The `_JoinHook` provides two entry points: `main_hook()`, which is called repeatedly while there exists a non-joined process, and `post_hook()`, which is called once all process have joined with the additional `bool` argument `is_last_joiner`. The class also requires `process_group` and `device` information by defining corresponding abstract property methods. Thus, to implement a join hook, (1) inherit from `_JoinHook`, (2) override `main_hook()` and `post_hook()` as appropriate, and (3) override `process_group()` and `device()` to provide process group and device information to be used by the join context manager implementation for collective communications.

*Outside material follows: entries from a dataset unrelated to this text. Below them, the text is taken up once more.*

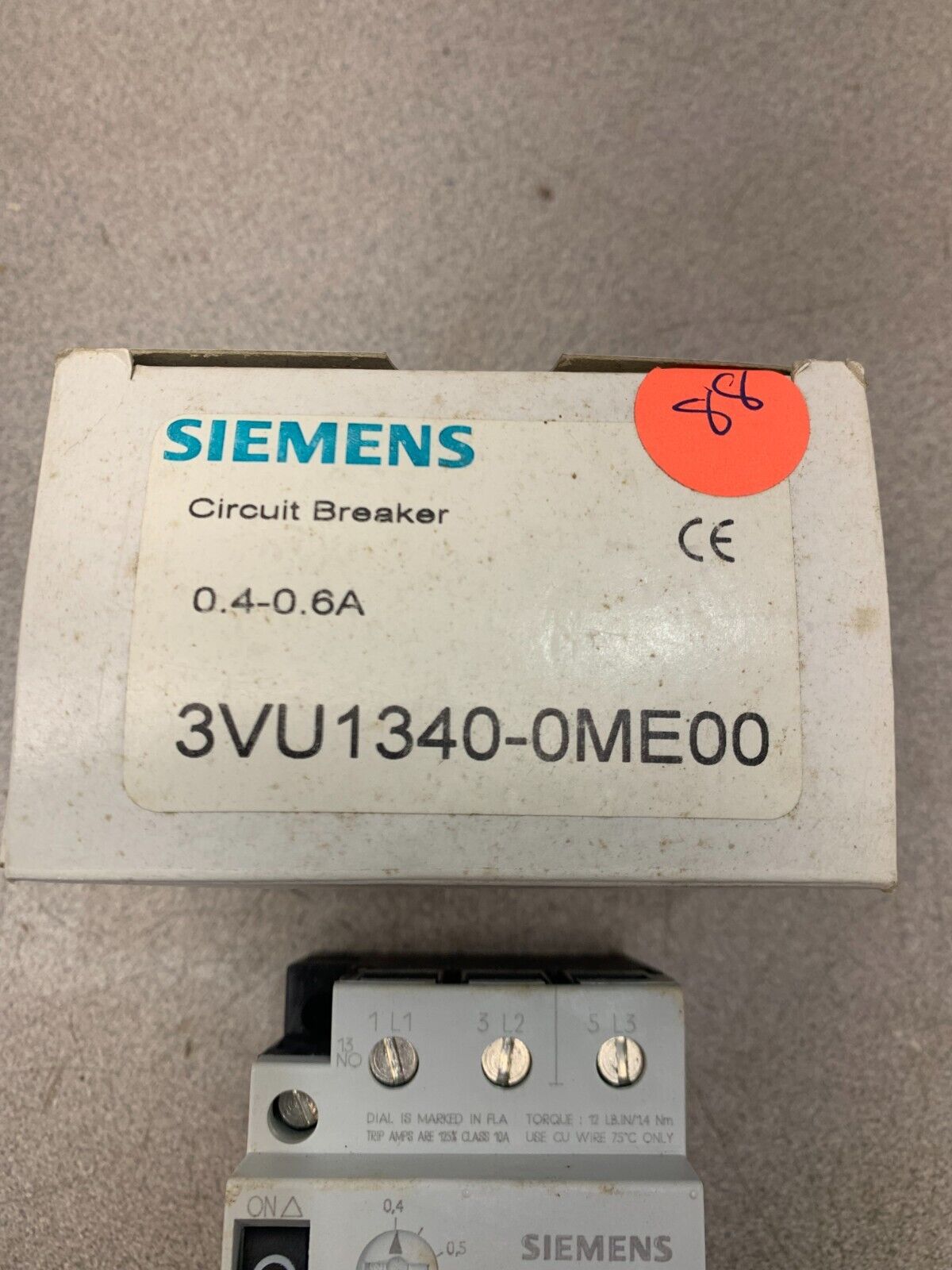 NEW IN BOX SIEMENS 0.4-0.6A CIRCUIT BREAKER 3VU1340-0ME00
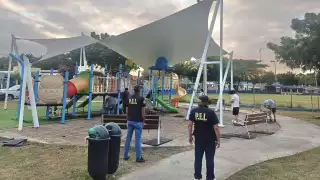 SSP Yucatán pone a jóvenes a limpiar un parque de Mérida tras graffitearlo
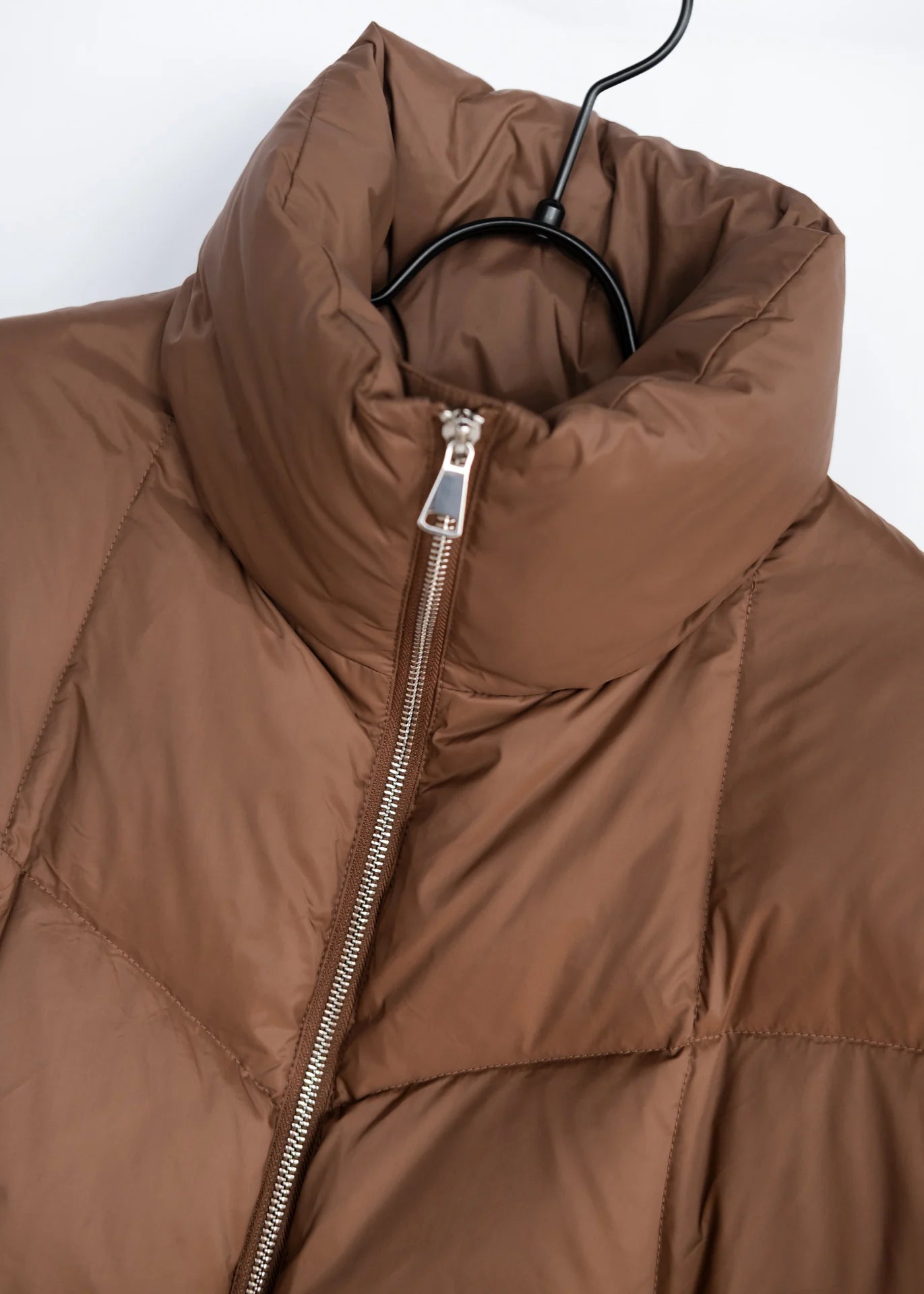 Kurze Daunenjacke mit hohem Kragen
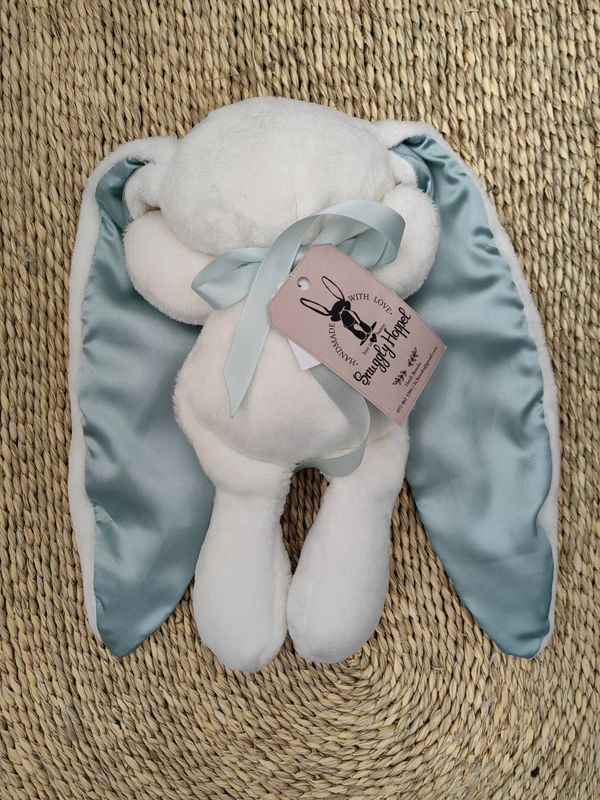 Snuggly Hoppel ( White with satin blue plain ears)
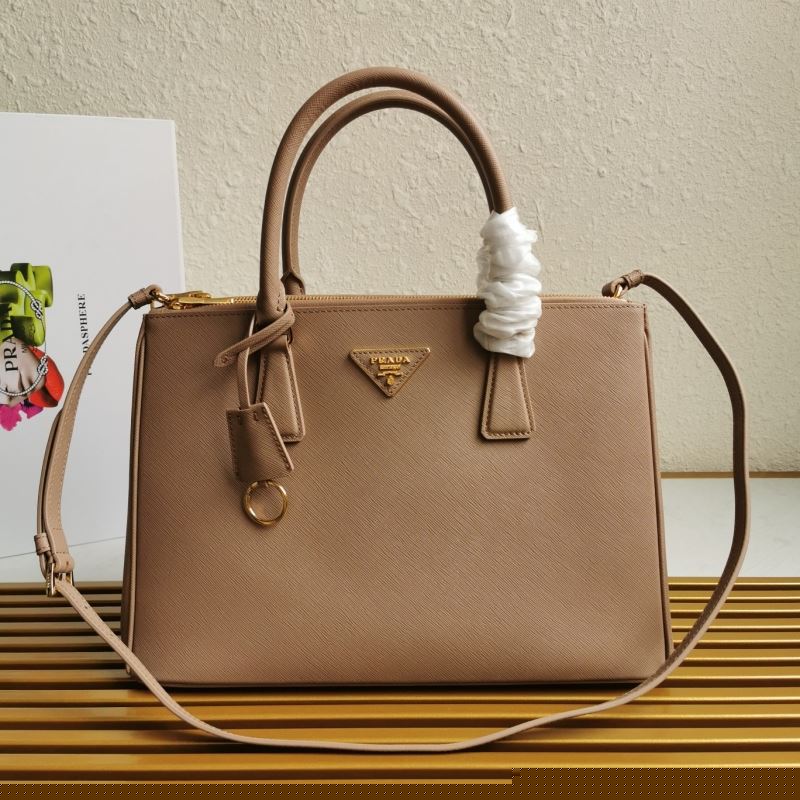 Pra*a shopping bags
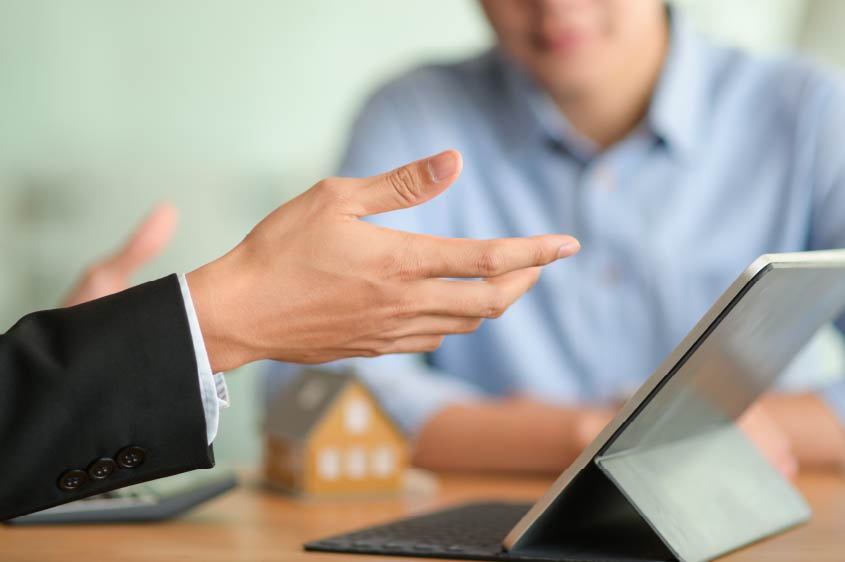 שני מתווכים אשר דורשים דמי תיווך בגין אותה עסקה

The `_Join` constructor requires `join_hooks: List[_JoinHook]` and optionally `enable: bool = True` and `throw_on_early_termination: bool = False`. A training loop only needs to be wrapped with `with _Join(join_hooks):` (using the appropriate `join_hooks`) to be able to train on uneven inputs without hanging/erroring. The context manager requires a `dist.all_reduce(torch.ones(1))` to be called on every non-joined process each time before it performs its collective communications in order to indicate that the process has not yet joined. It also requires that all `process_group` attributes in the `_JoinHook` objects are the same.
**Notes:**
- The argument `is_last_joiner` to `post_hook()` may be useful for finding an authoritative rank when synchronizing.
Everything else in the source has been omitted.